Nach dem finanziellen Misserfolg seines Debüts arbeitete Jacques Rivette weiter bei den Cahiers, wurde 1963 ihr Chefredakteur und trugt maßgeblich zur Politisierung des Filmmagazins bei. Sein zweiter Spielfilm Die Nonne mit Nouvelle Vague-Star Anna Karina erschien erst 1966 und wurde wegen seiner Kritik an der katholischen Kirche zeitweise verboten. Erst Proteste und ein Eingreifen von Präsident Charles de Gaulle sicherten die Veröffentlichung und einen der wenigen kommerziellen Erfolge in Rivettes Karriere.

Jacques Rivette wechselte im Laufe seiner Karriere zwischen improvisierten Handlungen (etwa bei Out 1) und drehbuchbasierten Filmen wie Céline und Julie fahren Boot von 1974, dessen magische Mysterien unter anderem von Lewis Carrolls Alice im Wunderland beeinflusst wurden. Heute wird Rivette mit dem Slow Cinema assoziiert, das häufig Handlungsstränge streift, ohne Drang, diese auf konventionellem Wege aufzulösen. Sein von Balzac inspirierter Film Die schöne Querulantin von 1991 mit Emmanuelle Béart und Michel Piccoli befasste sich beispielsweise vier Stunden mit einem alternden Künstler, der sich angesichts einer jungen Muse daran macht, sein Meisterwerk zu malen. Bis ins hohe Alter widmete sich der als filmvernarrter Einzelgänger beschriebene Rivette dem Kino und legte 2009 mit dem Zirkusdrama 36 Ansichten des Pic Saint-Loup beim Filmfestival in Venedig seinen letzten Spielfilm vor.
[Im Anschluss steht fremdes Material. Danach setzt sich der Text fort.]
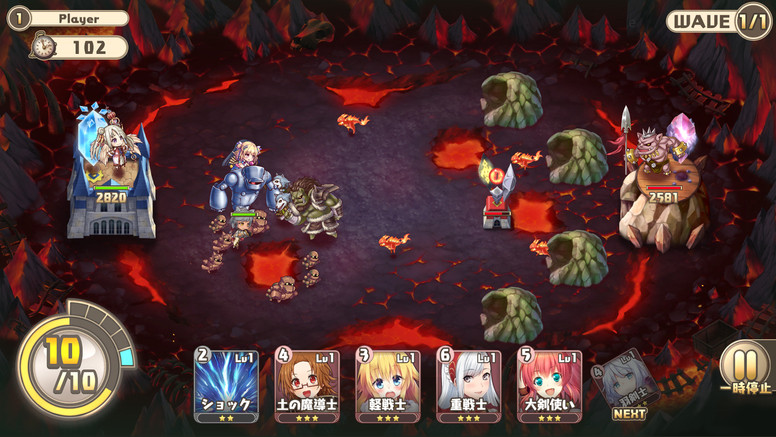 《新・剑与幻想学院》于日本推出 游戏玩法界面简介抢先知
Zur Veröffentlichung von Out 1 in den USA schrieb Ty Burr beim Boston Globe  vergangene Woche:

Das Wunder eines Rivette-Films ist, dass er dich dazu verführt, seine Regeln zu akzeptieren: Die natürliche Ungeduld eines Zuschauers mit dem Slow Cinema wird von der einlullenden und verzückenden Faszination ersetzt.